» The task
In the records below, find the line with "Yoga, workout and", then retype it and every following line exactly, stopping after the line with "Slow cooker sweet". Leave the pictures out.

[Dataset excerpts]
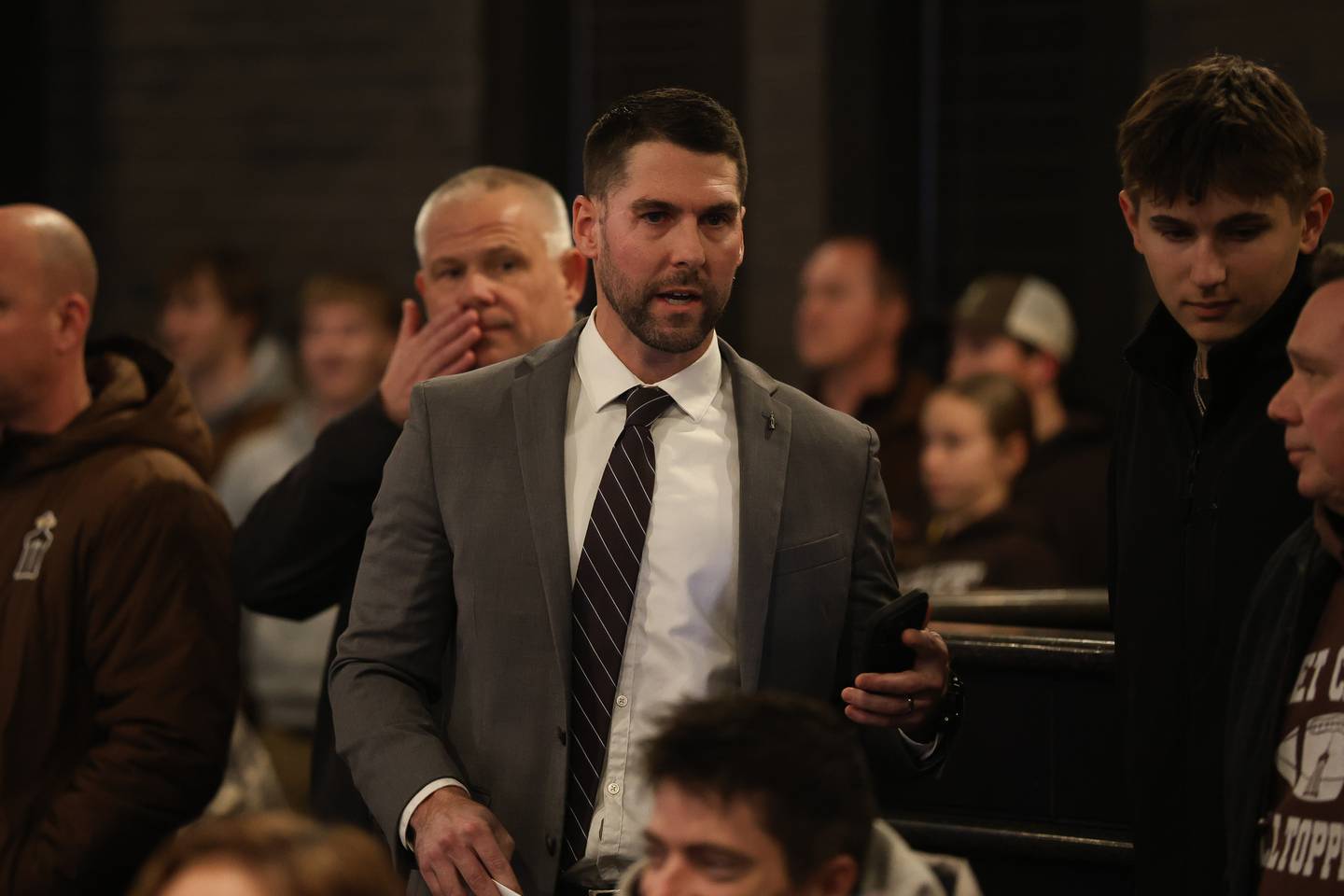 Ryan Quigley, director of institutional advancement, waits for the start of the Joliet city council meeting to vote on the Joliet Catholic Academy stadium plan on Tuesday, Jan 20, 2026 in Joliet.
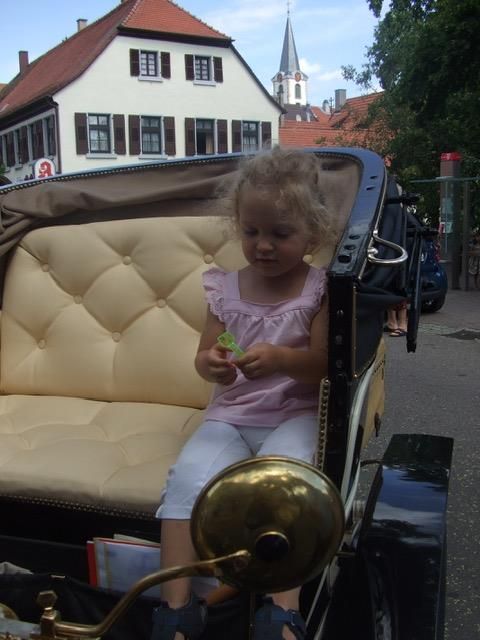 Ein kleines Mädchen sitzt auf dem Rücksitz eines alten Autos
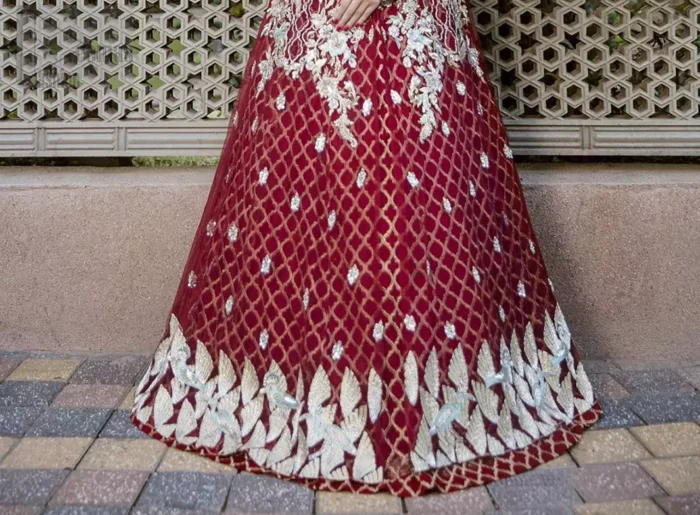 This front open marron maxi is creating a dreamy composition. The chic yet elegant front open maxi is decorated with floral embroidery , heavily embellished bodice and floral bunches. Hemline is even more enhanced with birds motifs finished with jamawar lining adorned with geometric patterns in it. The embroidery is done with silver and white kora, dabka, tilla, and pearls. It comes with straight trousers allured with sprinkled motifs on dupatta dupatta finished with silver lace all around the edges.  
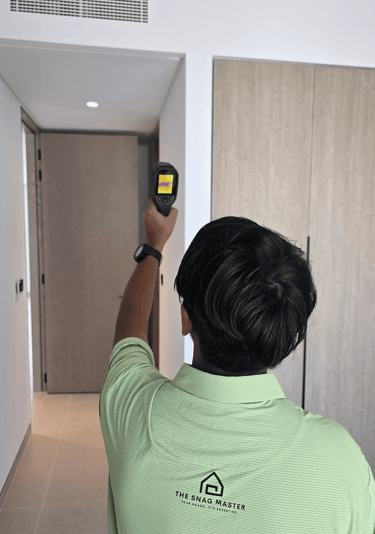Engineer inspecting with thermal camera for leaks during villa inspection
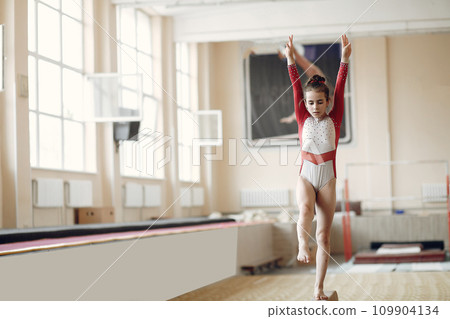 Child gymnastics balance beam. Girl gymnast athlete during an exercise horizontal bar in gymnastics competitions. Child gymnastics balance beam. Girl gymnast athlete during an exercise horizontal bar in gymnastics competitions. 109904134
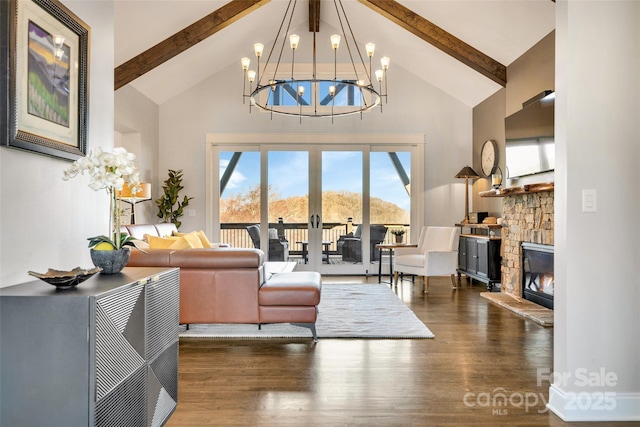 living room with beamed ceiling, high vaulted ceiling, a stone fireplace, and wood finished floors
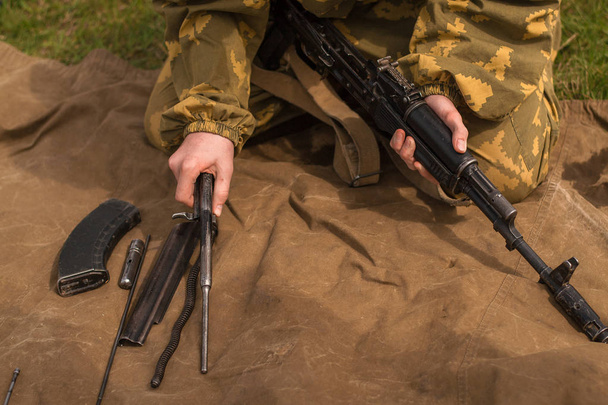 Kamuflaj üniformalı genç bir asker bir silahı söküyor. Bir adam askeri tatbikatlarda çimenlere kalaşnikof saldırı tüfeği topluyor.. - Fotoğraf, Görsel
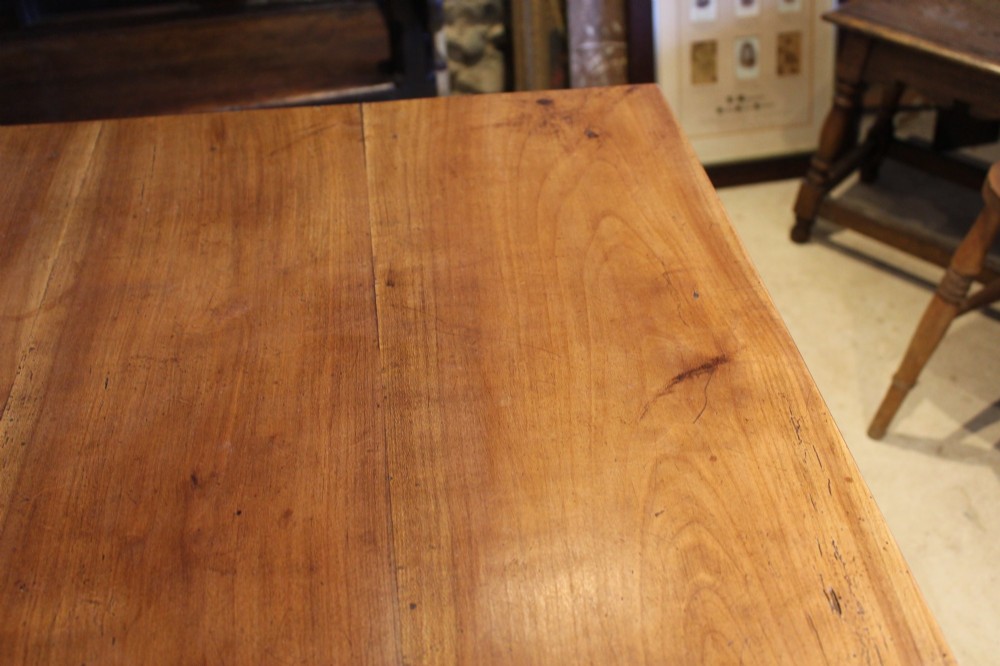A rectangular French cherry wood dining table featuring four turned legs and a single frieze drawer. View IV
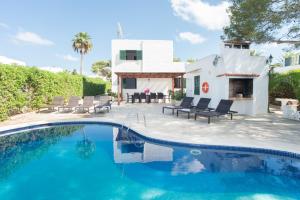 a swimming pool in front of a house at Villa Dos Pinos in Cala d´Or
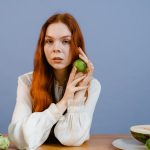 Woman with red hair holding lime surrounded by fresh produce on table.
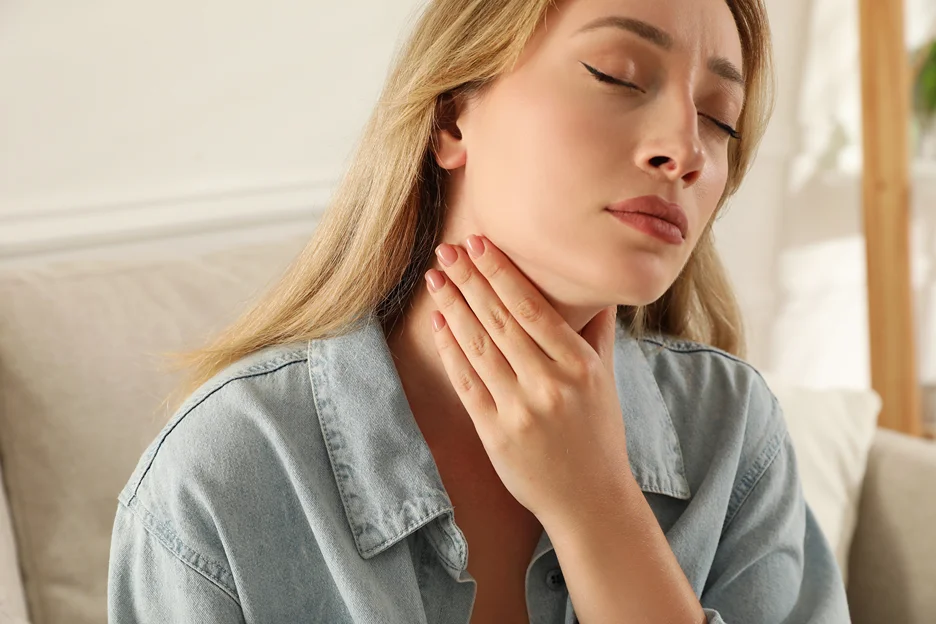 a woman has swollen lymph nodes on her neck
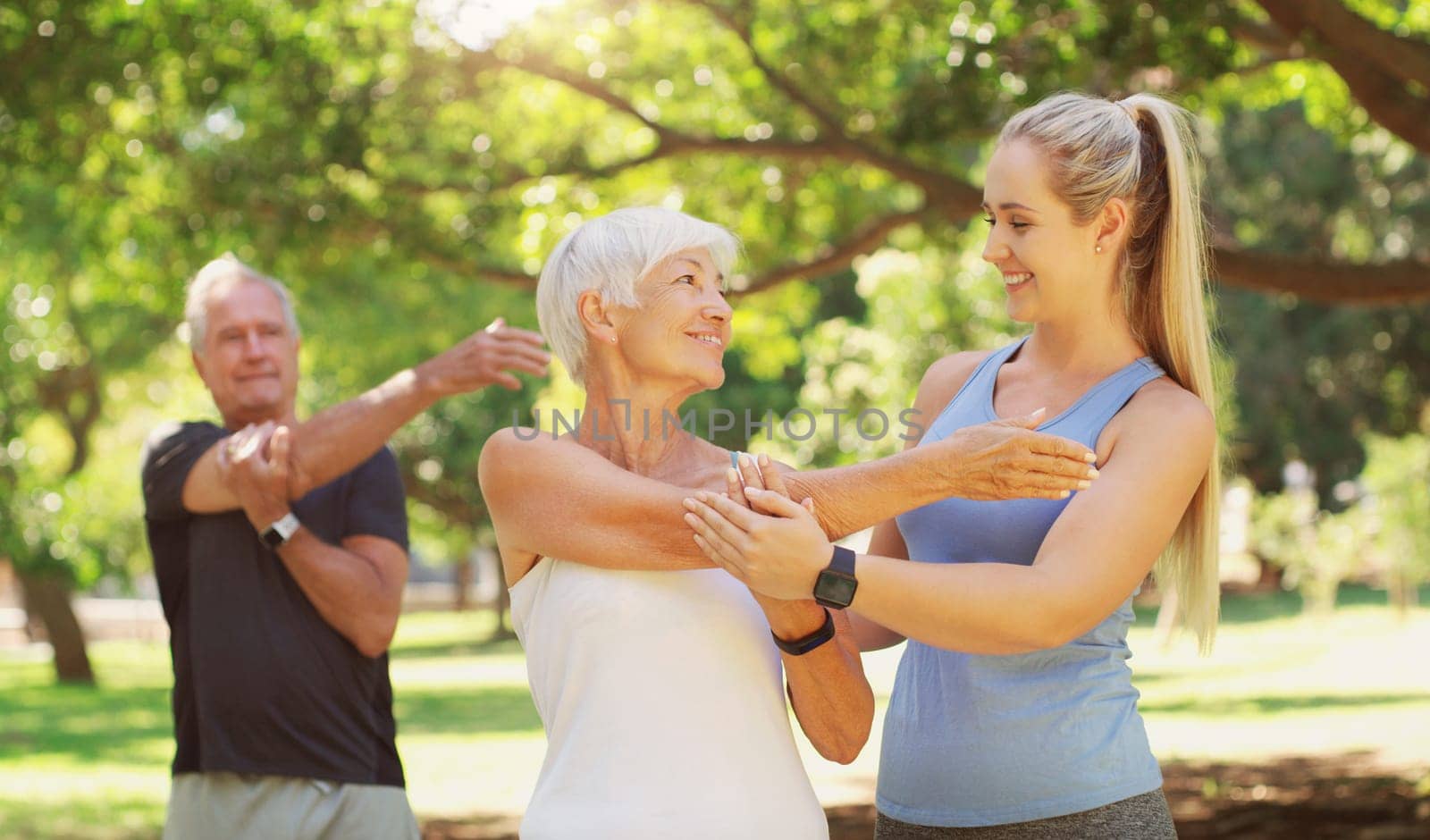 Yoga, workout and an old couple with their personal trainer in a park for a health or active lifestyle. Exercise, wellness or zen and senior people outdoor for fitness class with their pilates coach.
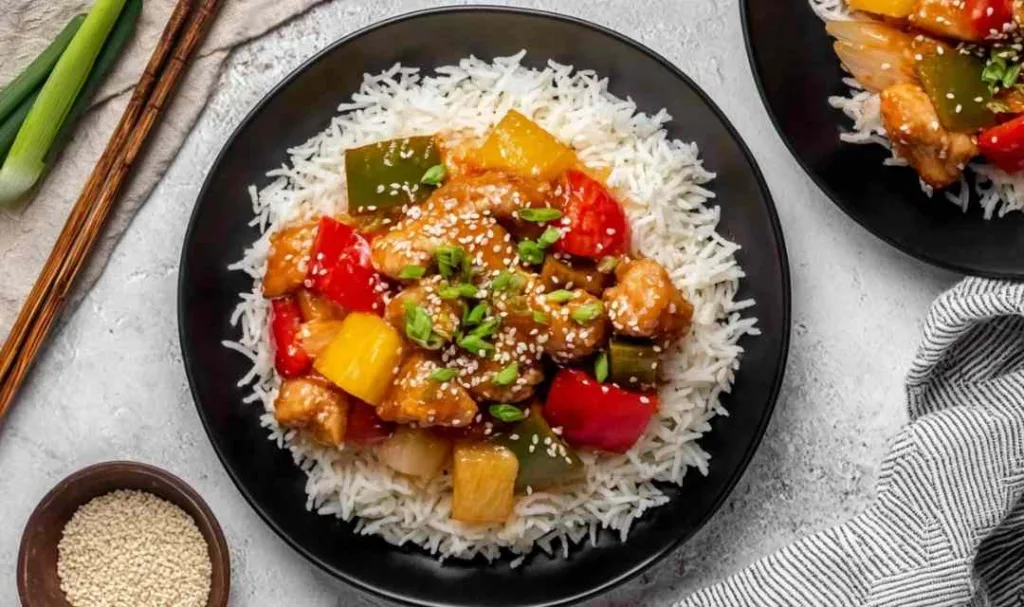 Slow cooker sweet and sour chicken served over white rice with bell peppers and pineapple garnished with green onions and sesame seeds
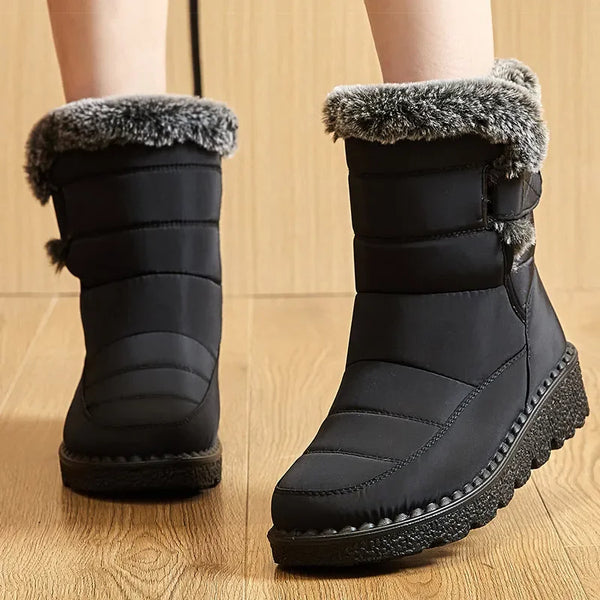 Chic women's waterproof winter boots with plush lining, low heel, and hook-and-loop closure for stylish cold weather comfort.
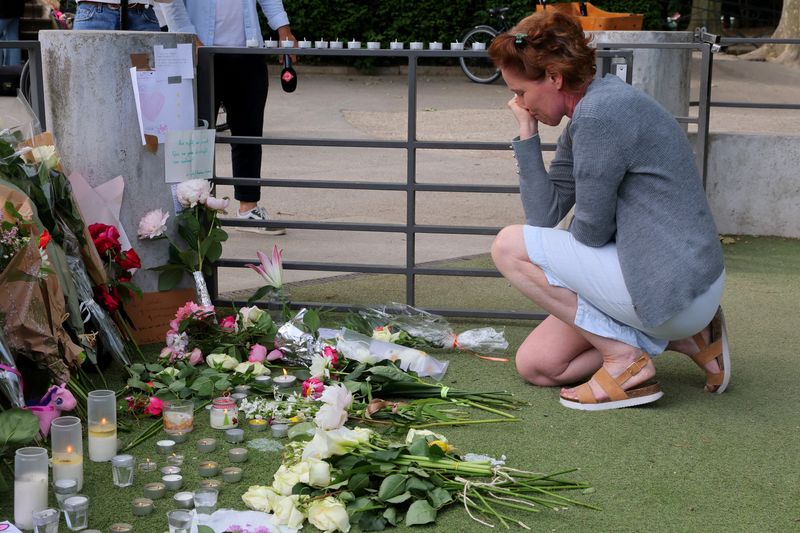 &copy; Reuters. A woman pays respect in front of messages and floral tributes at the children's playground the day after several children and adults were injured in a knife attack at the Le Paquier park near the lake in Annecy, in the French Alps, France, June 9, 2023. R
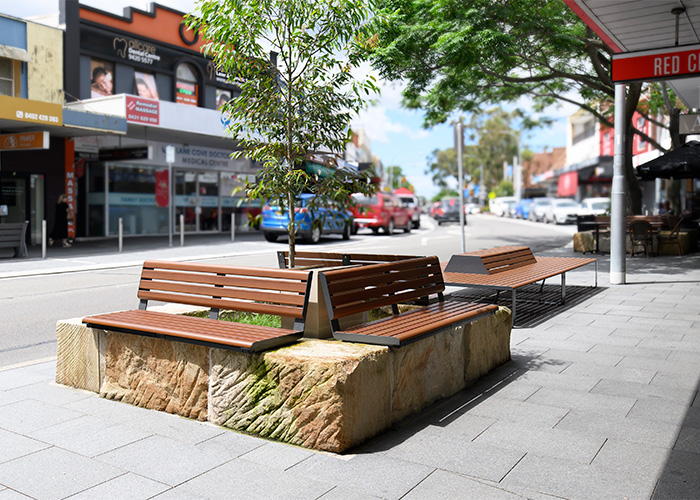 Linea Seat (LIS10, 1500mm) plinth-fixed with aluminium woodgrain Bush Cherry battens, Monument frame.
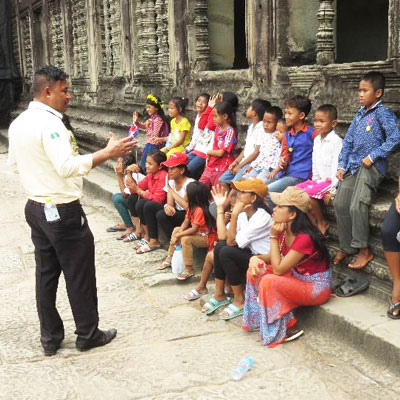 Guide explaining the ruins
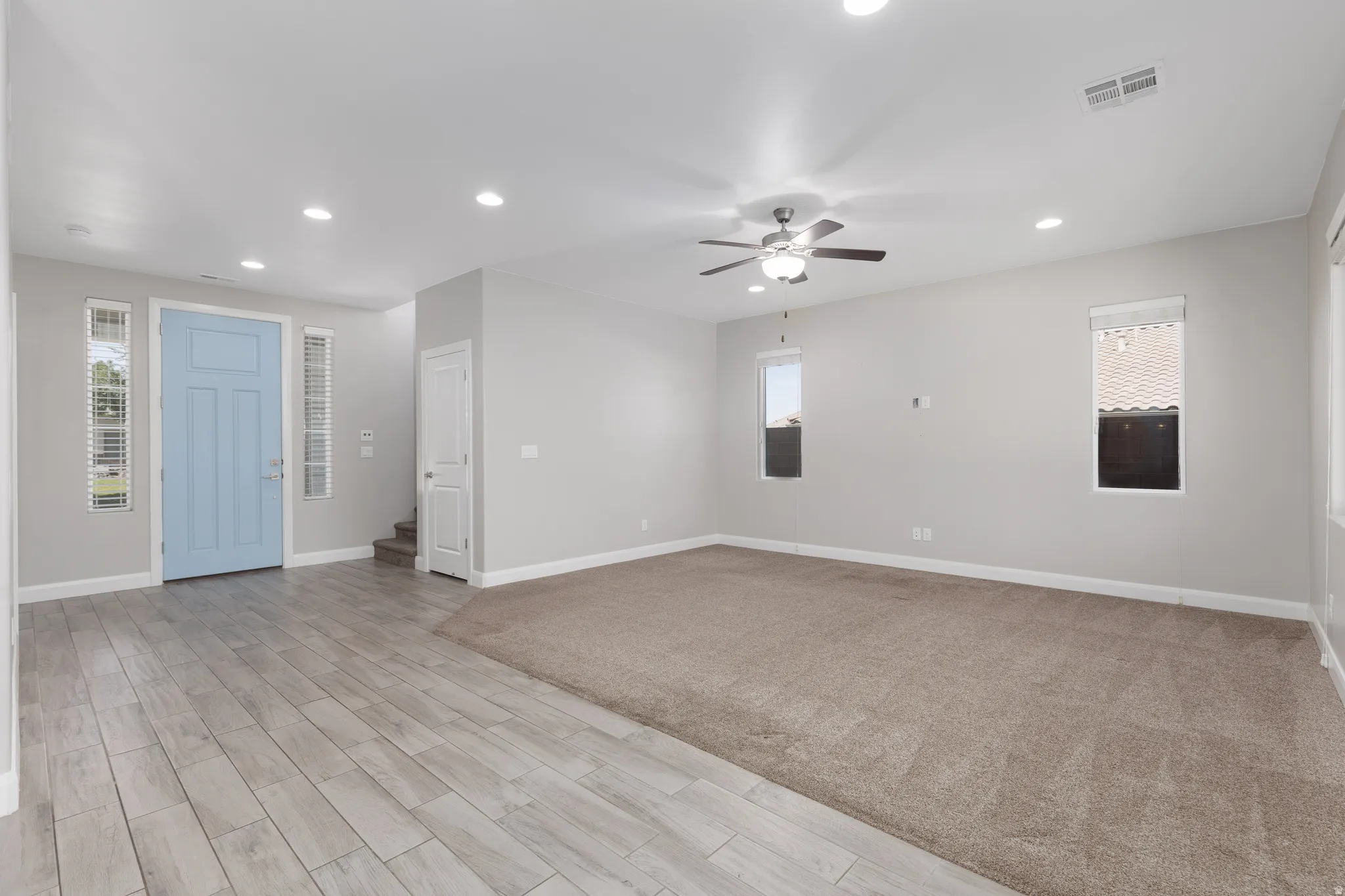 Spacious living area featuring wood-finish flooring, recessed lighting, and a ceiling fan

» Solution to this exercise
 Yoga, workout and an old couple with their personal trainer in a park for a health or active lifestyle. Exercise, wellness or zen and senior people outdoor for fitness class with their pilates coach.
 Slow cooker sweet and sour chicken served over white rice with bell peppers and pineapple garnished with green onions and sesame seeds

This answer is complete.